We therefore, perform 2 design space exploration experiments, DSE1 and DSE2. The purpose of DSE1 is to do a systematic hyperparameter search to find the set of the first three parameters that yield the best results for each of the four cases, using theoretical values of the fourth parameter. The purpose of DSE2 is to ensure that there is no network size that is better than the theoretical values we have specified in DSE1. We are able to perform DSE2 separately as each of the other three parameters can be adjusted for network size as follows—(1) Axe is independent of network size as it acts on each individual neuron. (2) The learning rate η and amplitude of threshold adaptation, Δθ can be adjusted for network size, which we examine in Iyer and Chua (2020), section 3A.
The reason why we perform DSE2 as a separate experiment instead of including network size as an additional parameter in experiment 1 is largely to reduce computational costs. We use the theoretical values of the fourth parameter to perform a design space exploration of a much smaller parameter space (having only three parameters), and then perform the much smaller DSE2 experiment to ensure that the usage of theoretical values of the fourth parameter in DSE1 does not bias the results.
We describe the two experiments as follows.
DSE1:
Hypothesis: N-MNIST is expected to perform better on RD-STDP than on STDP-tempotron. However, DVSGestures is expected to perform better on STDP-tempotron compared to RD-STDP.
By doing a hyperparameter search of the parameters, we will be able to compare the performance on the four systems and verify the above hypothesis. Here we focus on all parameters, other than Network Size, which would be dealt with in DSE2. A summary of the parameters, the corresponding algorithm(s) and experiment wherein they are studied is given in Table 7.
Learning rate, η and spike frequency adaptation rate Δθ are varied on a logarithmic scale to ensure that we cover all possible ranges of activity. The values of η used are {0.0005, 0.005, 0.05, 0.5}. The values of Δθ used are {1, 0.1, 0.01}mV. For STDP-tempotron, an additional parameter was explored, and that is Axe. We choose the parameters for Axe as follows. It was noted that for DvsGesture, an Axe value of 0.5nA is enough to get at least one output spike for most patterns, and classify the dataset. However, for N-MNIST, the Axe value had to be around 5nA before there was at least one output spike for most patterns. For Axe values less than this, many patterns did not get any output spikes, and the dataset could not be classified. For Axe values are varied on a linear scale, around the preliminary values stated earlier,—for DvsGesture, Axe values used are {0.1, 0.3, 0.5, 0.7} nA, but for N-MNIST, the Axe values used are {1, 3, 5, 7} nA.

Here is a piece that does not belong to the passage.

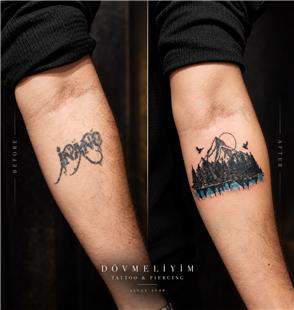 Da� ve A�a� Motifleri ile �sim Kapatma D�vmesi / Mountain and Tree Design Name Cover Tattoo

The best results for each of the four experimental cases are given in Table 8.
Table 8. DSE1 Results: The best results of DSE1 for the two datasets, DvsGesture and N-MNIST on the two algorithms, RD-STDP and STDP-tempotron.
As can be seen, RD-STDP performs better than STDP-tempotron at N-MNIST, while STDP-tempotron performs better than RD-STDP at DvsGesture. Therefore, the hypothesis for DSE1 has been satisfied.
DSE2: This section describes the protocol for DSE2.
Our hypothesis for DSE2 is:
1. DVSGestures—no RD-STDP of any network size can exceed the best performance of STDP-tempotron obtained in DSE1.
2. N-MNIST—no STDP-tempotron of any network size can exceed the best performance of RD-STDP obtained in DSE1.
• To verify DSE2 Hypothesis 1, we take the best performing RD-STDP in DSE1, adjust for network size, and test DVSGestures on RD-STDP networks of different sizes.
• To verify DSE2 Hypothesis 2, we test the best performing STDP-tempotron in DSE1, adjust for network size, and test N-MNIST on STDP-tempotron networks of different sizes.
The protocol for DSE2 experiments is as follows.
1. (a) Following from Hypothesis 1 for DSE, we take the parameters for the best performing RD-STDP in DVSGestures. (b) Following from Hypothesis 2 for DSE, we take the parameters for the best performing STDP-tempotron in N-MNIST.
2. We modify Δθ and η for a modified network size according to the protocol we describe in Iyer and Chua (2020), section 3A.
3. We choose network sizes that are evenly distributed from 49 to 900. The network sizes are chosen to be relatively even squared numbers between 49 and 900, and are—{49, 225, 400, 576, 729, 900}
4. We ran the system and noted the accuracies. These are given in the table below.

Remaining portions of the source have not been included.